Heavyweight champion Fury retires from boxing and gives up Ring belt
'The Gypsy King' claims to have hung his gloves up for good this time
Tyson Fury's 34th birthday saw 'The Gypsy King' announce his second retirement from boxing in recent months in the same week he claimed to be on his way back to the square circle.
Shortly after knocking out Dillian Whyte in the last defense of his WBC and The Ring heavyweight titles back in April, Fury revealed that he was hanging his gloves up.
This week, however, he called out fellow Brit Derek Chisora for a trilogy bout and even professed to have appointed Isaac Lowe to replace SugarHill Steward as his trainer.
Then U-turning yet again, Fury turned 34 on Friday and insisted that his day to walk away from the sport has finally arrived.
"Massive thanks to everyone who had an input in my career over the years & after long hard conversations I’v finaly (sic) decided to walk away & on my 34th birthday I say Bon voyage," he wrote on social media.
Then giving a "massive shoutout" to his wife Paris who "helped me more than anyone", Fury thanked God and departed by saying "see you all on the other side you big dossers" while adding the numbers "2008-2022" in a nod to the supposed start and finish of his career.

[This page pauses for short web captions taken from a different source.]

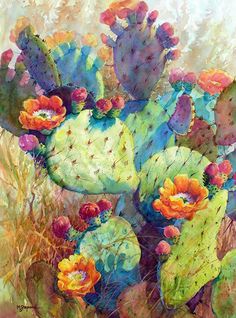 a painting of cactus plants with orange and green flowers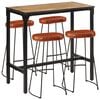 vidaXL Barsett 5 deler grov heltre mango og metall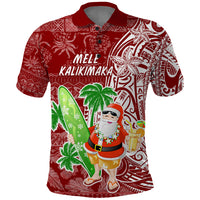 Hawaii Christmas Mele Kalikimaka Polo Shirt Santa Claus - Wonder Print Shop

If true, Fury's retirement makes the future of the heavyweight division uncertain after it was previously thought that he would take on the winner of the rematch between Oleksandr Usyk and Anthony Joshua next week to see the first undisputed heavyweight champion of the four-belt era finally crowned.

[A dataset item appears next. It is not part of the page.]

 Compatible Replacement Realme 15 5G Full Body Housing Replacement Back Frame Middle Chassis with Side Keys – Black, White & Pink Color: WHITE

Joshua is attempting to win back the WBA, IBF and WBO belts that Usyk relieved him of at the Tottenham Hotspur Stadium in September last year, and as confirmed by promoters Matchroom on Saturday afternoon, Fury's old belt from Ring Magazine is now up for grabs in the money-spinning bout after the Mancunian vacated it.
Speaking to Ring Magazine this weekend, Fury told its editor that the greatest moment of his career was winning the championship for the first time from Usyk's compatriot Wladimir Klitschko in a 2015 masterclass.
"There’s the great comeback after that with the three [Deontay] Wilder fights," Fury went on.
"There’s been a lot of great highlights in my career – even the Dillian Whyte fight in front of 94,000 at Wembley. It doesn’t get much bigger than that. And I went out with a bang."
"To be honest with you, and I’ve always said, I don’t really give a f**k about what people think of me," Fury said when asked how he thought he would be remembered by fight fans.
"I don’t care how they remember me. Being remembered means you’re not active [as a person] anymore, you’re finished, and that’s it.
"It was fun while it lasted," Fury continued. "I had a good 14-year career. I actually boxed for 20 years, from 14 to 34 years old. I’ve enjoyed it. I’ve enjoyed the ups and the downs. My career was an Indian summer that just kept giving.
"I’ve done well out of boxing," Fury confessed.
"The world is open to so many things now. I’m doing a Netflix documentary at the moment. I’m going to be recording an album soon. Who knows, you might even see me on the silver screen."
What will happen to Fury's WBC strap is still unknown, but the organization is reportedly planning a proper farewell for one of its greatest modern-day champions.